+++ Extracted records
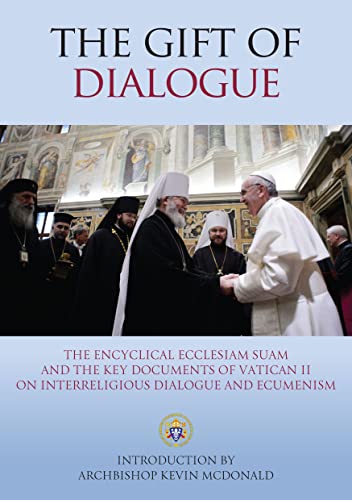 Stock image for The Gift of Dialogue: The Encyclical Ecclesiam Suam and the key documents of Vatican II on Interreligious Dialogue and Ecumenism for sale by MusicMagpie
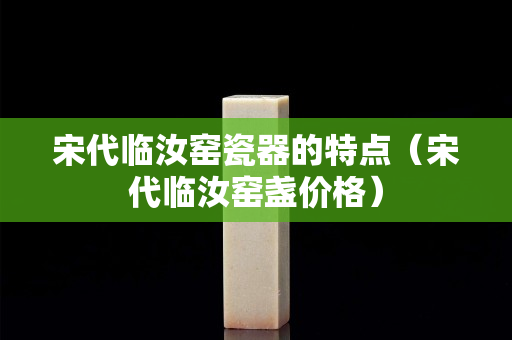 宋代临汝窑瓷器的特点（宋代临汝窑盏价格）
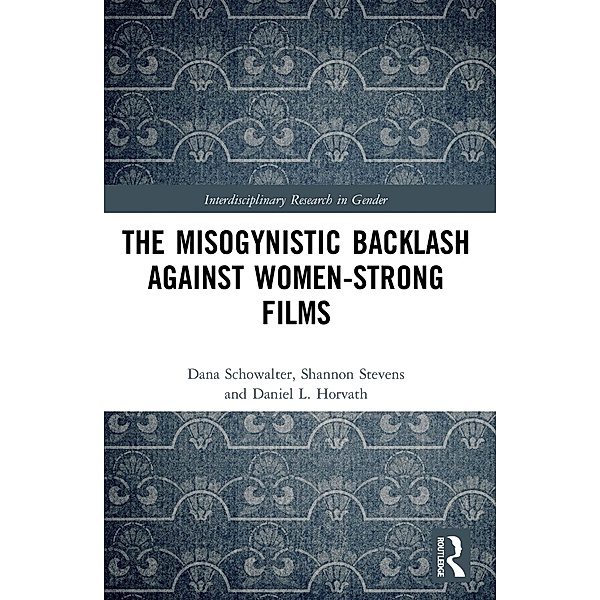 The Misogynistic Backlash Against Women-Strong Films, Dana Schowalter, Shannon Stevens, Daniel L. Horvath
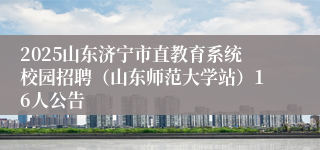 2025山东济宁市直教育系统校园招聘（山东师范大学站）16人公告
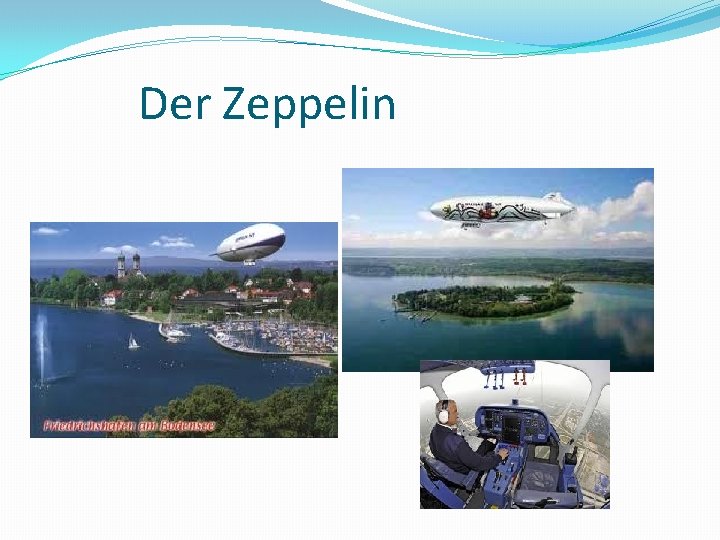 Der Zeppelin 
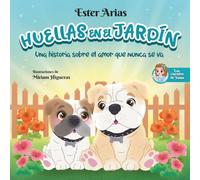 Huellas en el jardín: una historia sobre el amor que nunca se va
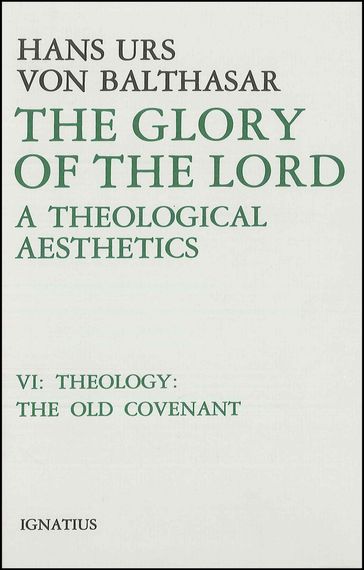 The Glory of the Lord - Fr. Hans Urs Von Balthasar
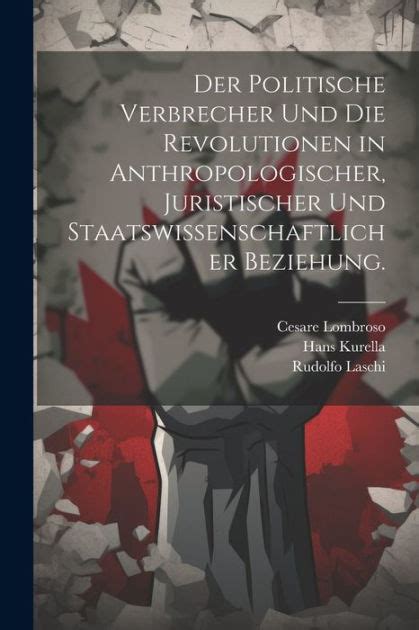 Der Politische Verbrecher Und Die Revolutionen in Anthropologischer PDF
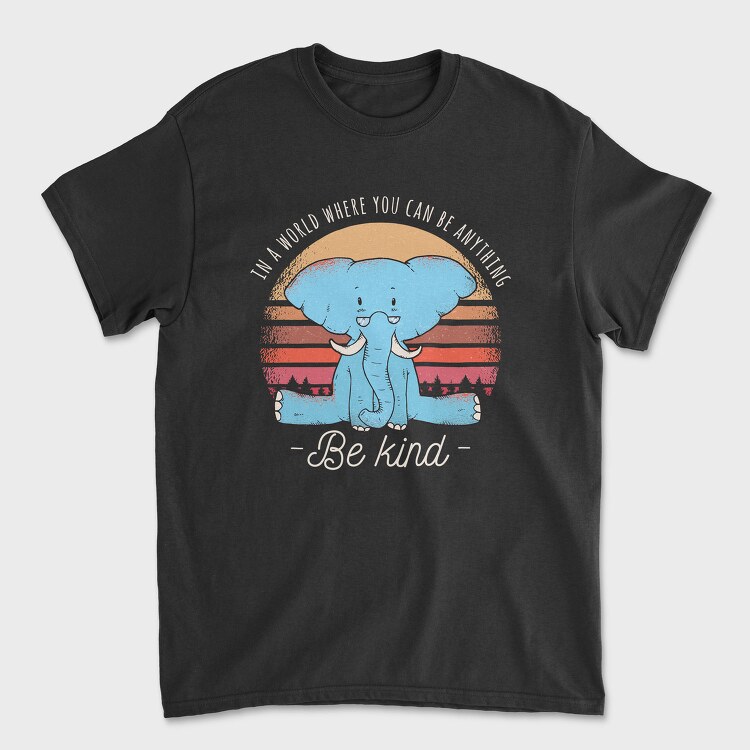 Be Kind Elephant, Tricou Barbati (Unisex)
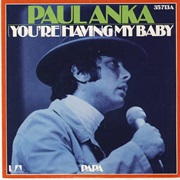 Paul Anka "You're Having My Baby"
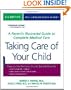 Taking Care of Your Child: A Parent's Illustrated Guide to Complete Medical Care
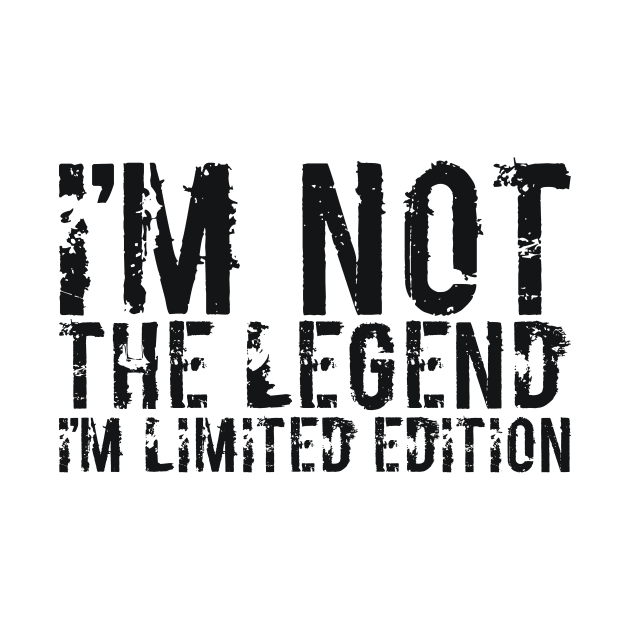 I’M NOT THE LEGEND I’M LIMITED EDITION by RedYolk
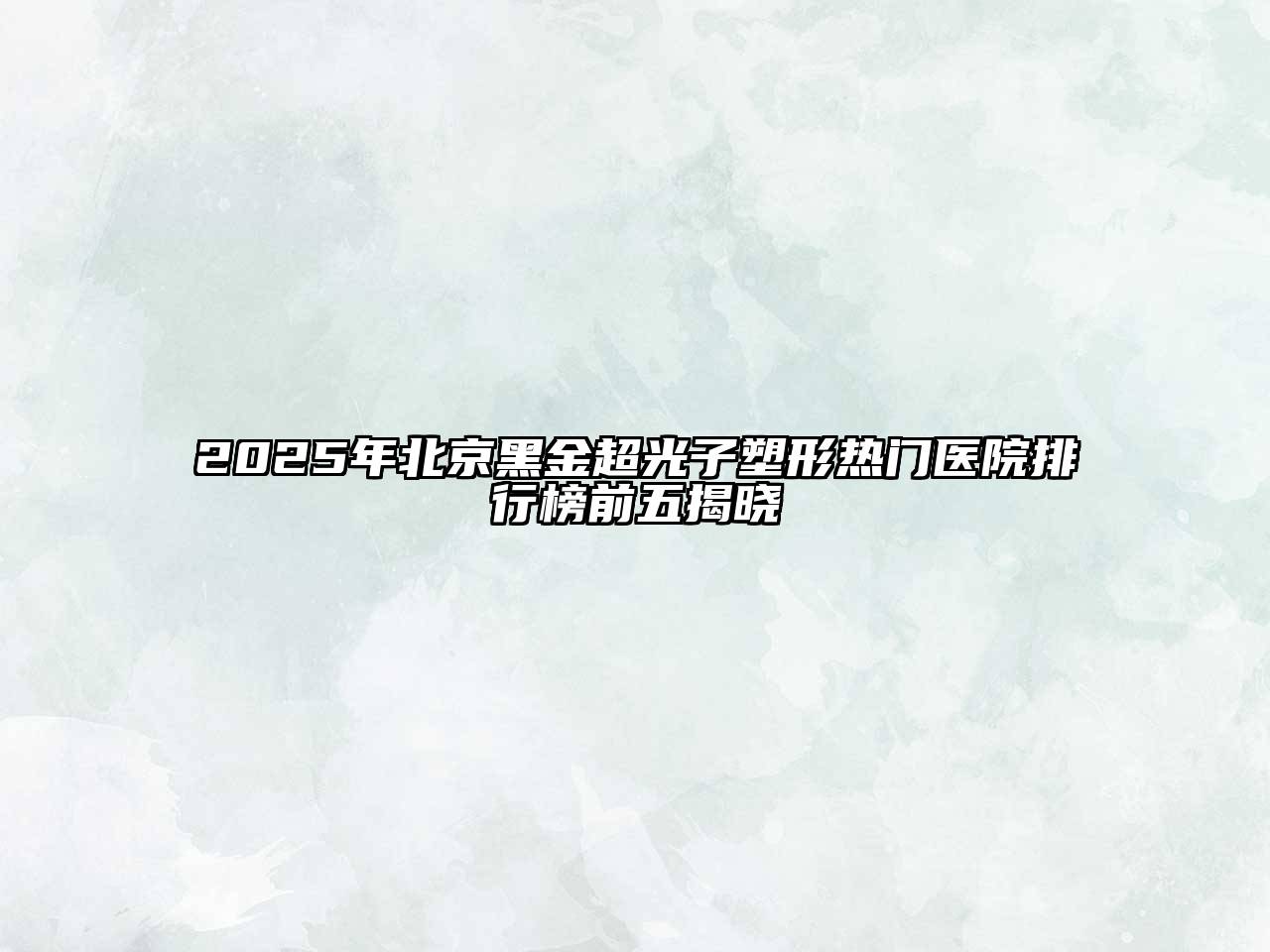 2025年北京黑金超光子塑形热门医院排行榜前五揭晓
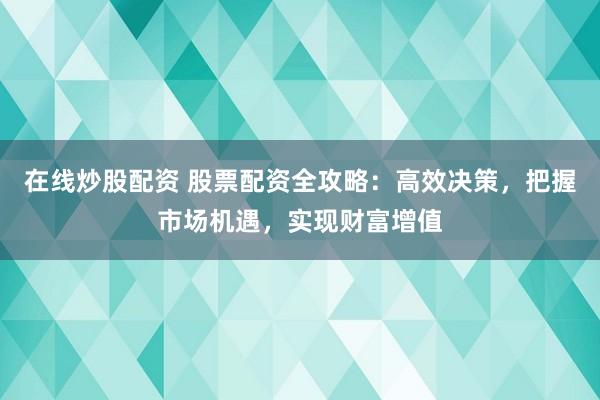 在线炒股配资 股票配资全攻略:高效决策,把握市场机遇,实现财富增值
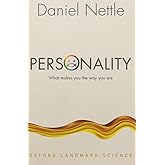 Personality: What makes you the way you are (Oxford Landmark Science)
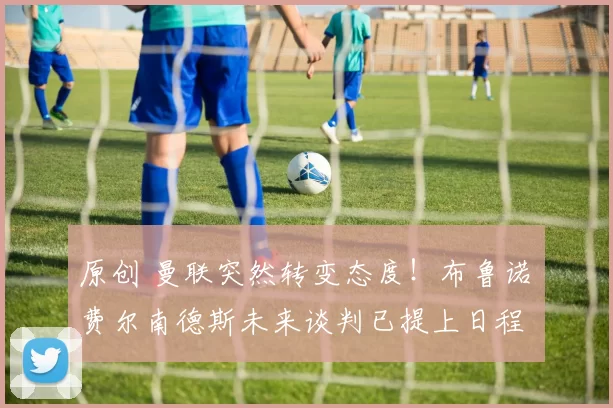 原创 曼联突然转变态度！布鲁诺・费尔南德斯未来谈判已提上日程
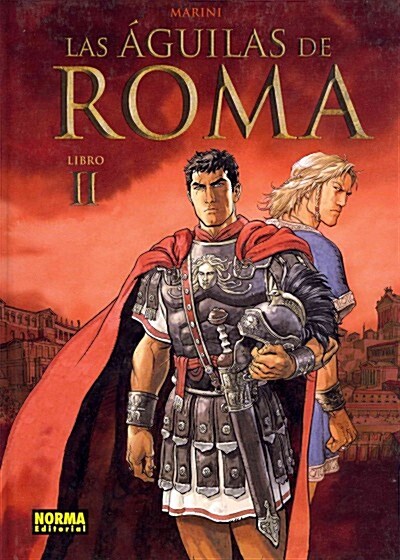 Las aguilas de Roma 2 / The Eagles of Rome 2 (Hardcover)
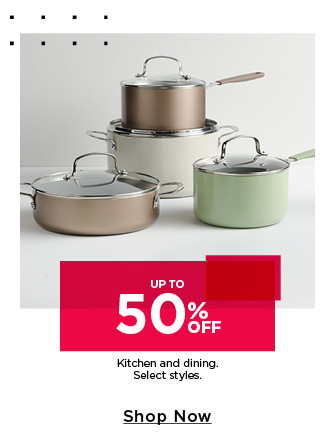 up to 50% off kitchen and dining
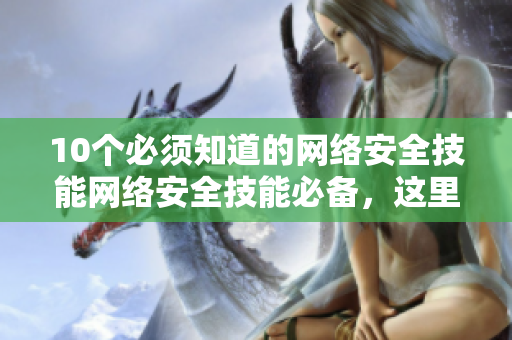 10个必须知道的网络安全技能网络安全技能必备，这里有10个全方位指南！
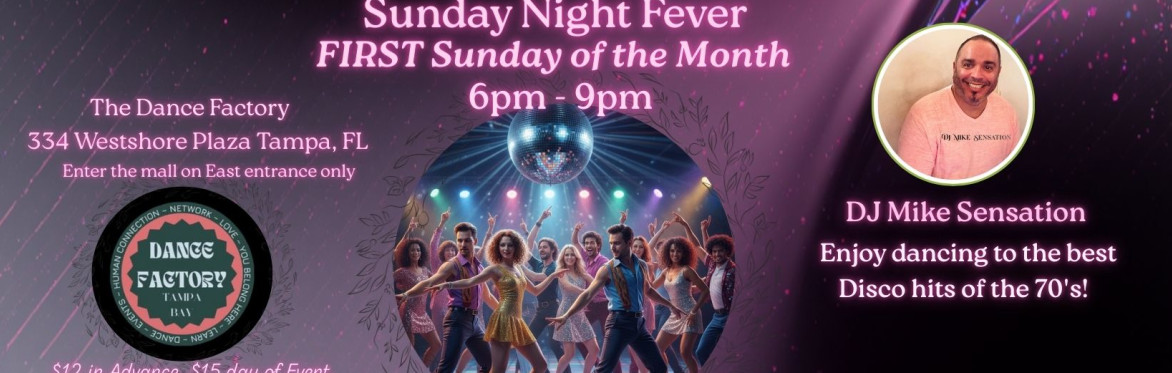 Sunday Night Fever @The Dance Factory Tampa Bay!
++++++
• Task directions: From the first line of the records down through the line containing "I’M NOT THE", transcribe exactly those lines and no others, both ends kept, pictures dropped.

• Solution to the exercise:
 Stock image for The Gift of Dialogue: The Encyclical Ecclesiam Suam and the key documents of Vatican II on Interreligious Dialogue and Ecumenism for sale by MusicMagpie
 宋代临汝窑瓷器的特点（宋代临汝窑盏价格）
 The Misogynistic Backlash Against Women-Strong Films, Dana Schowalter, Shannon Stevens, Daniel L. Horvath
 2025山东济宁市直教育系统校园招聘（山东师范大学站）16人公告
 Der Zeppelin 
 Huellas en el jardín: una historia sobre el amor que nunca se va
 The Glory of the Lord - Fr. Hans Urs Von Balthasar
 Der Politische Verbrecher Und Die Revolutionen in Anthropologischer PDF
 Be Kind Elephant, Tricou Barbati (Unisex)
 Paul Anka "You're Having My Baby"
 Taking Care of Your Child: A Parent's Illustrated Guide to Complete Medical Care
 I’M NOT THE LEGEND I’M LIMITED EDITION by RedYolk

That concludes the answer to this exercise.